Congressional leaders are closing in on a coronavirus relief-deal that could include legislation to protect patients from surprise medical bills. Leaders hope to clinch an agreement this week and tack it onto Congress’ year-end spending bill, although finalizing bill text and voting in both chambers could drag into the weekend or next week.

The aid package is likely to total around $900 billion and include a second round of direct checks of $600 to $700, and a weekly unemployment boost set to last through March. Roughly $325 billion would go toward small business relief, including $257 billion for the Paycheck Protection Program. Two major sticking points – funding for state and local governments and liability protections for employers – are being left out of the final package.

Still in play, however, is legislation aimed at cracking down on surprise medical bills modeled on a bipartisan agreement reached last Friday between the leaders of key House and Senate committees. The deal comes after years of intense lobbying by industry groups over how to settle payment disputes between health care payers and out-of-network medical providers. Arbitration is the method favored by doctors and hospital groups, but employers and insurers have pushed for settling disputes with payment of a median in-network rate for a particular service or procedure. 

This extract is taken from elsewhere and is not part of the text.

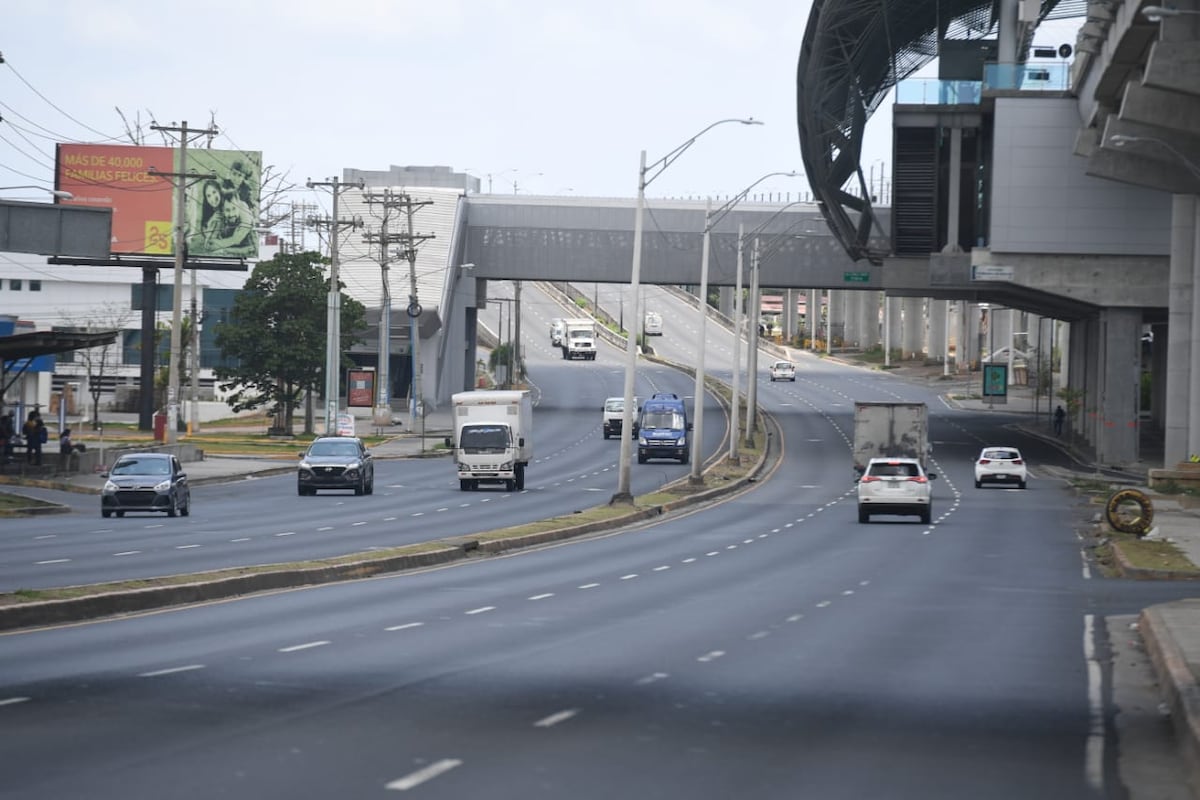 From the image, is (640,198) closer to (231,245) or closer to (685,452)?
(685,452)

While agreement and final details on a surprise-billing fix are uncertain as of this writing, draft legislation would resolve payment disputes through arbitration if payers and providers (including air and other ambulance providers) cannot reach an agreement on their own. That would set up an independent dispute resolution process, without a minimum billed-charge threshold, for either side to ask for arbitration. Both sides would make an offer, and an independent third-party arbitrator would pick one. In reaching a decision, the arbitrator would have to consider a number of factors, including:

  • The median in-network rate
  • Information related to the provider’s training and experience
  • The parties’ market share
  • Previous contracting history between the parties
  • Complexity of the services provided

Patients would not be required to pay more than their insurance plan’s in-network cost-sharing amounts, including deductibles, for both emergency and non-emergency situations when they cannot choose an in-network provider. 

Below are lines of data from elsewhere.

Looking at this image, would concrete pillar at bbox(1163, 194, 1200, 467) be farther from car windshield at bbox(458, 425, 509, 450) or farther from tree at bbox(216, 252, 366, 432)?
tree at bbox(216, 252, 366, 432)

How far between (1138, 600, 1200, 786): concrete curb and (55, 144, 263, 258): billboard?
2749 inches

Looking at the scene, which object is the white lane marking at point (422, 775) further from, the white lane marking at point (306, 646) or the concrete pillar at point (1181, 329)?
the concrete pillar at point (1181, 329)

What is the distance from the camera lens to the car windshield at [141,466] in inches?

Plan sponsor-friendly changes to the draft measure are still possible, however, including the possible addition of provisions drawn from the employer-backed Lower Health Care Costs Act (S 1895). These include proposals to ban “anti-steering” clauses in contracts between providers and plans that restrict plans’ ability to create “preferred” in-network tiers and set new disclosure and reporting requirements for pharmacy benefit managers (PBMs).

The fate of all these proposals remain unclear as Congress races to finish its work for the year, but Mercer’s Law & Policy group will provide a full analysis of any employer-focused changes that become law.